"Willen jullie, in deze stad en in Nederland, meer of minder Marokkanen?” vroeg Geert Wilders tijdens de verkiezingsavond in 2014. De reactie van het aanwezige publiek: "Minder! Minder!", waarop Wilders zei: "Nou... dan gaan we dat regelen." Het voorval leidde tot veel ophef en een proces waarbij het zo nu en dan knetterde tussen Wilders en zijn advocaat in de ene hoek, en het Openbaar Ministerie in de andere. Met name door het inbrengen van nieuwe stukken en een wraking sleepte de zaak jarenlang voort.
Veroordeling september
Eind vorig jaar was daar dan toch een uitspraak. In hoger beroep werd de PVV-leider door het gerechtshof veroordeeld voor groepsbelediging. Onder andere omdat zijn uitspraken tijdens de verkiezingsavond "onnodig grievend" zouden zijn. Al erkende het Hof wel dat het allemaal "in de context van het politieke debat" gebeurde.

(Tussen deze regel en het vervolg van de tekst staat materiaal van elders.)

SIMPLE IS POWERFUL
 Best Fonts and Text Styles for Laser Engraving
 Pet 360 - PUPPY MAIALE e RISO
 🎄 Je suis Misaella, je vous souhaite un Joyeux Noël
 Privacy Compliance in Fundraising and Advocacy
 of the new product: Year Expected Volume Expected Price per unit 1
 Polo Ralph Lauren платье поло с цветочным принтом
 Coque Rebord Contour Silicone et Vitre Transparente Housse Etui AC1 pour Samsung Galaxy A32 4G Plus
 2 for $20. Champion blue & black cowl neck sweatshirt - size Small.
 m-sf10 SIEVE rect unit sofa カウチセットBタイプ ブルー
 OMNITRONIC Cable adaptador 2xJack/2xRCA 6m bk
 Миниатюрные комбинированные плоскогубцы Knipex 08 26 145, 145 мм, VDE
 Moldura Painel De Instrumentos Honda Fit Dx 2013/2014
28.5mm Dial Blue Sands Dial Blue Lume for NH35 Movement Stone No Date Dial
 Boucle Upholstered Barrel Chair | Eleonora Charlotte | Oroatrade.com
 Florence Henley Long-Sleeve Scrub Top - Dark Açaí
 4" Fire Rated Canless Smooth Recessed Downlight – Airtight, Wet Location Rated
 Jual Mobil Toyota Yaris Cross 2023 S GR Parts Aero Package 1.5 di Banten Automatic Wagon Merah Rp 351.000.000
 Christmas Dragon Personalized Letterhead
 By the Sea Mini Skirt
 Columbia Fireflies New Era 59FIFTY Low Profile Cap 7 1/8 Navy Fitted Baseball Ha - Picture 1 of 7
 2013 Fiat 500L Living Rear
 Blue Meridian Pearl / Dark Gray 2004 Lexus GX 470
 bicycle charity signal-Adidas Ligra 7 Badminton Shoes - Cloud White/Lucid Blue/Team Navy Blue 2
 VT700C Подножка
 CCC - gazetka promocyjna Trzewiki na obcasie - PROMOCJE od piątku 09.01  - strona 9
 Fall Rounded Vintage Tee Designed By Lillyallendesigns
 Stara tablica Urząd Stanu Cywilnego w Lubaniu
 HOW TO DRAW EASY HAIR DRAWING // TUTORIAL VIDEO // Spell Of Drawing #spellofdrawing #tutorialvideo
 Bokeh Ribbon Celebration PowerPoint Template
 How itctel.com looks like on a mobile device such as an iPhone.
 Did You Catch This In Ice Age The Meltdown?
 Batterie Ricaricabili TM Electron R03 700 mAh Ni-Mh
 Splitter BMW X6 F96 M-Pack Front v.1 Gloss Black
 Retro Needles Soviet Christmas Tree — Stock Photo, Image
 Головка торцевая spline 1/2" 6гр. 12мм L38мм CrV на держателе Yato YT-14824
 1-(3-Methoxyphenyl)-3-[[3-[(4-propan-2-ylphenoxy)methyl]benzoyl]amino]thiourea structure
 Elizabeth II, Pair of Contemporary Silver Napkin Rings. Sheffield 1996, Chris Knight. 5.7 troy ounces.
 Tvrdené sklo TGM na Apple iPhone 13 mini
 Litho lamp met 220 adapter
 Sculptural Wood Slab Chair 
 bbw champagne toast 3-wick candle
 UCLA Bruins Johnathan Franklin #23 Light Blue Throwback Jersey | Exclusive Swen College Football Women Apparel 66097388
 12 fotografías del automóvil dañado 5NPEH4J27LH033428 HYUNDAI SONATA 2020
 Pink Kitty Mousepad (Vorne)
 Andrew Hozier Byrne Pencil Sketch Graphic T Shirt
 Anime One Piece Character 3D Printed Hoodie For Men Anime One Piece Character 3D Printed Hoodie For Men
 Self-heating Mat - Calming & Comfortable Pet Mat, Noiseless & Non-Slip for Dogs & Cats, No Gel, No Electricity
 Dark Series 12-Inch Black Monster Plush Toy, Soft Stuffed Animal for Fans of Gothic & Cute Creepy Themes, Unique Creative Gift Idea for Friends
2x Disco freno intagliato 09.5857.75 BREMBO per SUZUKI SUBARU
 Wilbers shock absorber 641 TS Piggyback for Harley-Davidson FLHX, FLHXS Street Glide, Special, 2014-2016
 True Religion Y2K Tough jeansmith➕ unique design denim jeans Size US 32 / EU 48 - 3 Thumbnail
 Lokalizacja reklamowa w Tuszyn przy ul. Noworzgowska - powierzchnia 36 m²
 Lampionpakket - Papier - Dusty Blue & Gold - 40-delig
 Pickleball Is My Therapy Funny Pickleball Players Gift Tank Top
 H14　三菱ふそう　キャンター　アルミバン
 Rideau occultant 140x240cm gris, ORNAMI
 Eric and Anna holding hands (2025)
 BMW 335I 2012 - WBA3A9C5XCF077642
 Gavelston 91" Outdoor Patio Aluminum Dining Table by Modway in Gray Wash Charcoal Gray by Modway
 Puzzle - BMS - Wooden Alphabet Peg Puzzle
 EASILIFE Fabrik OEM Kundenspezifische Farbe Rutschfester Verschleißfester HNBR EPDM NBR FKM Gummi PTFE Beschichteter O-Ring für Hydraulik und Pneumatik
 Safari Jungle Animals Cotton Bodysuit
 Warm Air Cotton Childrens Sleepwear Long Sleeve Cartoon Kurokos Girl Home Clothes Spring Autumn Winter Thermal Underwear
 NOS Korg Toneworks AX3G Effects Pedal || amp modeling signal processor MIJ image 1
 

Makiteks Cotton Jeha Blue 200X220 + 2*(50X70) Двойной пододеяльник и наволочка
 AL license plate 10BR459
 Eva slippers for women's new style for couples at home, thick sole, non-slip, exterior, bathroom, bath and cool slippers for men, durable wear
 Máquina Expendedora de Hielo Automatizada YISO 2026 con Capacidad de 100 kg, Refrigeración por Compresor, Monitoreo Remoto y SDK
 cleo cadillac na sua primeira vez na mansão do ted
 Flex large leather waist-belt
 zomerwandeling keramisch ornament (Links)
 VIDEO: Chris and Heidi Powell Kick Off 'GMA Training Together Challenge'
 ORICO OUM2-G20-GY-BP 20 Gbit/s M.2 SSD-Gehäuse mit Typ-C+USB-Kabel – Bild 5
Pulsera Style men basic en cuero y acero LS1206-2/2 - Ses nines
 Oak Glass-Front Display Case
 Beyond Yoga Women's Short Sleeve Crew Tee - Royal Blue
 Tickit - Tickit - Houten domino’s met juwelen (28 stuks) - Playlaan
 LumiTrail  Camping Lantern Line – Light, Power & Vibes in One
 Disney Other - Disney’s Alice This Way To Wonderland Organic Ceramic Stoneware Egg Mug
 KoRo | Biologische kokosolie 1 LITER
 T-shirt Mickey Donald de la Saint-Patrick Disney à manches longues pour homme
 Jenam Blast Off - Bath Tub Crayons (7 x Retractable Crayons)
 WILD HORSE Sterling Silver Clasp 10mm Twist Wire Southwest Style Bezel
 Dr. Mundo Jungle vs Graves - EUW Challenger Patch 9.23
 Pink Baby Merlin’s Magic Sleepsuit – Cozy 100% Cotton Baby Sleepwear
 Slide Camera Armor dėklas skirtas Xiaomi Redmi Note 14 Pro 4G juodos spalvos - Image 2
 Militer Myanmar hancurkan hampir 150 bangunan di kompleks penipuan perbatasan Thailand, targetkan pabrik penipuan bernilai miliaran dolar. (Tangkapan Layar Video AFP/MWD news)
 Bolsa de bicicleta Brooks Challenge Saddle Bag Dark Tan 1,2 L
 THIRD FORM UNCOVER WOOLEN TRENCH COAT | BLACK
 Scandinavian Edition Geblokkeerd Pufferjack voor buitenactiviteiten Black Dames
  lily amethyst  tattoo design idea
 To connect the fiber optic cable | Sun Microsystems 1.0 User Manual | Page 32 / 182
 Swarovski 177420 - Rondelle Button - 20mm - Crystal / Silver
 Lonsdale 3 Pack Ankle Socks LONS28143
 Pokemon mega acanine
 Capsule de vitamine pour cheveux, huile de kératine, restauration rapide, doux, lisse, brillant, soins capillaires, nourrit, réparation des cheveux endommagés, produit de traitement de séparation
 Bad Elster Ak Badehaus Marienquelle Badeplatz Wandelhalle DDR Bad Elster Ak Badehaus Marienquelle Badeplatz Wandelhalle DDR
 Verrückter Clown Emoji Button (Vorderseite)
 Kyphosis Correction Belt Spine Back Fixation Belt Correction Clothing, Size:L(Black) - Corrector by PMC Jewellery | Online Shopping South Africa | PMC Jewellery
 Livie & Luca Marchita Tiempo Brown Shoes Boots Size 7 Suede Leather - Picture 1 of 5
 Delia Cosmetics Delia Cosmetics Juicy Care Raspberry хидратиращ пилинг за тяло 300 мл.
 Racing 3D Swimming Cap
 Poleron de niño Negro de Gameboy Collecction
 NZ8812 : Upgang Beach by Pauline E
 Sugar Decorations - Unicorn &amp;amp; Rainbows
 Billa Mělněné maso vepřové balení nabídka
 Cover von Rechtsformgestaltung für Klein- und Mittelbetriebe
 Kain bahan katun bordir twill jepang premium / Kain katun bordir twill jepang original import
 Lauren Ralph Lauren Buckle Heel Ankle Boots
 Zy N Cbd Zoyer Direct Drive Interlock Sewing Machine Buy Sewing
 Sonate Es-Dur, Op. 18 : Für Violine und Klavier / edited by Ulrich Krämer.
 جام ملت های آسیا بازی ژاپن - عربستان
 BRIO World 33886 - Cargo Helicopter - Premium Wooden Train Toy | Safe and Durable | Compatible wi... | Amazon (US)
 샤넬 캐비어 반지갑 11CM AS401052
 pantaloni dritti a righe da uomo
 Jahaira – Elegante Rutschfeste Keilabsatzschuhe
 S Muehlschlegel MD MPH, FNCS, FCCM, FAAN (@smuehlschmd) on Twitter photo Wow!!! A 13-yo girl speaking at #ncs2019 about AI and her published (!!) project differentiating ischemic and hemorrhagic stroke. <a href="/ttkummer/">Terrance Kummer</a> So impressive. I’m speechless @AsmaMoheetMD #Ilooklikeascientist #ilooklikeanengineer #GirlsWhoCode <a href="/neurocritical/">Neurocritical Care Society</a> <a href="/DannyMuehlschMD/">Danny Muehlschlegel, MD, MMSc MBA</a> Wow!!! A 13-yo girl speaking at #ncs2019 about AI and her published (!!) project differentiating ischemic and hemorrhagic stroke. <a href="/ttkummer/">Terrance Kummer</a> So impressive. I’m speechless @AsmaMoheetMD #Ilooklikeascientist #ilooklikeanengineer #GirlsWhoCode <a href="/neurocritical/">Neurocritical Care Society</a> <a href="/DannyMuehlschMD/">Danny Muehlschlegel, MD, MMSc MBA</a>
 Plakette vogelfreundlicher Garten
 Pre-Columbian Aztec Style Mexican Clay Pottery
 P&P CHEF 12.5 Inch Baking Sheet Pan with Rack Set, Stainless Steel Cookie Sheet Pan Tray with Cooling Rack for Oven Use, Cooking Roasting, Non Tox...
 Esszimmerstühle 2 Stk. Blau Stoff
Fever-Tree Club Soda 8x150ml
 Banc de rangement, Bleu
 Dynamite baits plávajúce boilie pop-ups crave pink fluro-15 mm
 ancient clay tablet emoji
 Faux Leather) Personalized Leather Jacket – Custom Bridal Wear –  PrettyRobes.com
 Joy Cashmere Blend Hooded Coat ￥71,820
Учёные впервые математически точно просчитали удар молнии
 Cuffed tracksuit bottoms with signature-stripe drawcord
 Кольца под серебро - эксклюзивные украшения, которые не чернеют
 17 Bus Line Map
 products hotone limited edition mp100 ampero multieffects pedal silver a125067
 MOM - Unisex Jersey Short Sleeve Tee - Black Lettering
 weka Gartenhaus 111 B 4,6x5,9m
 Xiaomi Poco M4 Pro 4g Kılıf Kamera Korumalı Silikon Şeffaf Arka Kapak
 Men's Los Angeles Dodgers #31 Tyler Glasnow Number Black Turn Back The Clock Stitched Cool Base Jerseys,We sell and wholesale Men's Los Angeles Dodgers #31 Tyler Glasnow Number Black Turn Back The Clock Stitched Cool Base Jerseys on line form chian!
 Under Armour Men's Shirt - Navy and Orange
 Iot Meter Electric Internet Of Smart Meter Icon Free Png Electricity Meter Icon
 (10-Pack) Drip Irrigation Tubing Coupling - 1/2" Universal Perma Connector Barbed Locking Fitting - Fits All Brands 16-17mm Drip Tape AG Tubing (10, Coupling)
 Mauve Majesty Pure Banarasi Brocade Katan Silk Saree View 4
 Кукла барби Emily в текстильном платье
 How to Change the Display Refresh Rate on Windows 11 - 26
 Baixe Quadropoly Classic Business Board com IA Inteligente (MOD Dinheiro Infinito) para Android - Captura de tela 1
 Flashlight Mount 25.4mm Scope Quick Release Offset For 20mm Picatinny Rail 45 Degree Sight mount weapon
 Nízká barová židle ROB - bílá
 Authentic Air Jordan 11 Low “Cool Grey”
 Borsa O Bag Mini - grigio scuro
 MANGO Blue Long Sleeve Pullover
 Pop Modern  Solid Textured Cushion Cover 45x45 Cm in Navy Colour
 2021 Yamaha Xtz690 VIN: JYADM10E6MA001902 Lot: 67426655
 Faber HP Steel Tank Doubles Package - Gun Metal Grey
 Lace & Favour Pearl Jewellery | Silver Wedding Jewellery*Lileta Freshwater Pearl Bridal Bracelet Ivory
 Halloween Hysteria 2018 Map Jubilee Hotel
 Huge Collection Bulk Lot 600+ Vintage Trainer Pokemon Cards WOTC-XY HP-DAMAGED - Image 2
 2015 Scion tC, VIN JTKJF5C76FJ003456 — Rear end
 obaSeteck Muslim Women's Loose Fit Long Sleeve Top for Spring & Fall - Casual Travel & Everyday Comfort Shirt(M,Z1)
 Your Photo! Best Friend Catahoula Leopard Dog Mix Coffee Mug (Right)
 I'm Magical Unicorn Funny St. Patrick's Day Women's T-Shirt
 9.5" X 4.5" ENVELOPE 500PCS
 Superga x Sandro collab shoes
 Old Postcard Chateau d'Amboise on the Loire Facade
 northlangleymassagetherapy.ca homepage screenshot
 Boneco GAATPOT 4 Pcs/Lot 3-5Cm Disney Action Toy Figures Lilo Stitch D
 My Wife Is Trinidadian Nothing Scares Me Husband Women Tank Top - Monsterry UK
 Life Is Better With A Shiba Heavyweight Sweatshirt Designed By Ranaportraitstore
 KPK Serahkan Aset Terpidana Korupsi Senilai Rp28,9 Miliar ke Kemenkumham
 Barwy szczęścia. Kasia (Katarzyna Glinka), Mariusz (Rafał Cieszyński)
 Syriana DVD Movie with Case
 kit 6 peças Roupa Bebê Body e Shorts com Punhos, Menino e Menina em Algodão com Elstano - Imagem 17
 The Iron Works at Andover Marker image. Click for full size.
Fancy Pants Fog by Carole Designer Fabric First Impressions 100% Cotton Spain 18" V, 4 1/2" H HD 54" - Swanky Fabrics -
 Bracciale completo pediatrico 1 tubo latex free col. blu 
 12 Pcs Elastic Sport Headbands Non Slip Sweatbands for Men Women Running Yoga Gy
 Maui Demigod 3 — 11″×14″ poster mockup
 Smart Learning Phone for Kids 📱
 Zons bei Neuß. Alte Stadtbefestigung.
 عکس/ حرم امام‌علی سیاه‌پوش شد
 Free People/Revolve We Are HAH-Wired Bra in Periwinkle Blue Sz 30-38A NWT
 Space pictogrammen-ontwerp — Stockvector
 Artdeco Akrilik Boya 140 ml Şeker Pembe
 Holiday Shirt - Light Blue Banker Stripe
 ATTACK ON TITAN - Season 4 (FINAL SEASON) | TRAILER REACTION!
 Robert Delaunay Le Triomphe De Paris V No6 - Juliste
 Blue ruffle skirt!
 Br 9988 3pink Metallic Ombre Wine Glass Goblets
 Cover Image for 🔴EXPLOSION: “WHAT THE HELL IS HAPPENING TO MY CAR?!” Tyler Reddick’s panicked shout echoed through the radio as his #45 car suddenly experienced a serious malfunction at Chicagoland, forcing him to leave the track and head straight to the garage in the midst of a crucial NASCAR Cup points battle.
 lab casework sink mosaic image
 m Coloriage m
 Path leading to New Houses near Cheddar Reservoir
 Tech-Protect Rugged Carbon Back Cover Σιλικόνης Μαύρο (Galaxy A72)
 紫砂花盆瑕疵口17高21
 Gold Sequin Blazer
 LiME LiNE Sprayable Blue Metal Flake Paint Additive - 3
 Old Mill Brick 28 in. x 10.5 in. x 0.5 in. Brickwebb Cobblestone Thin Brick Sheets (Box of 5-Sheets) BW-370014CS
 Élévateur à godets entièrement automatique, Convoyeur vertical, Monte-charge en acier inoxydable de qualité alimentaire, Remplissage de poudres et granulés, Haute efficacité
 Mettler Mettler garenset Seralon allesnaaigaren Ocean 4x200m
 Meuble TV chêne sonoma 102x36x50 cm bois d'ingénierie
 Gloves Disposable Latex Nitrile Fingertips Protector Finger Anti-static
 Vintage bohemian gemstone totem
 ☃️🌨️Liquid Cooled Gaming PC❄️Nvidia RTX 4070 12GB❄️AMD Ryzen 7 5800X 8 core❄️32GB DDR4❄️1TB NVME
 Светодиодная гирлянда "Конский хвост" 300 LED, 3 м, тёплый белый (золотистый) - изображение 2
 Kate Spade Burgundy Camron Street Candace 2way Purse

Maar ondanks dat Wilders verder geen straf kreeg opgelegd, ging de politicus direct na deze uitspraak in cassatie. In de hoop dat de hoogste rechtsprekende instantie in Nederland anders zou oordelen. Volgens de PVV-man zelf had hij op die avond in 2014 immers enkel problemen benoemd en oplossingen aangedragen. Niet anders dan in zijn verkiezingsprogramma. Bovendien is Wilders van mening dat het een kwestie voor in de Kamer was, niet de rechtbank.
Definitief oordeel
Echter is ook de Hoge Raad van mening dat Geert Wilders zich schuldig heeft gemaakt aan 'groepsbelediging'. Daarbovenop komt nu nog een veroordeling voor het 'aanzetten tot discriminatie'.
"De heer Wilders zal schuldig worden bevonden zonder oplegging van straf", aldus de Hoge Raad. In dat opzicht valt de uitspraak samen met die van de rechtbank in september 2020. Het oordeel is definitief. Er kan dus niet meer in hoger beroep worden gegaan.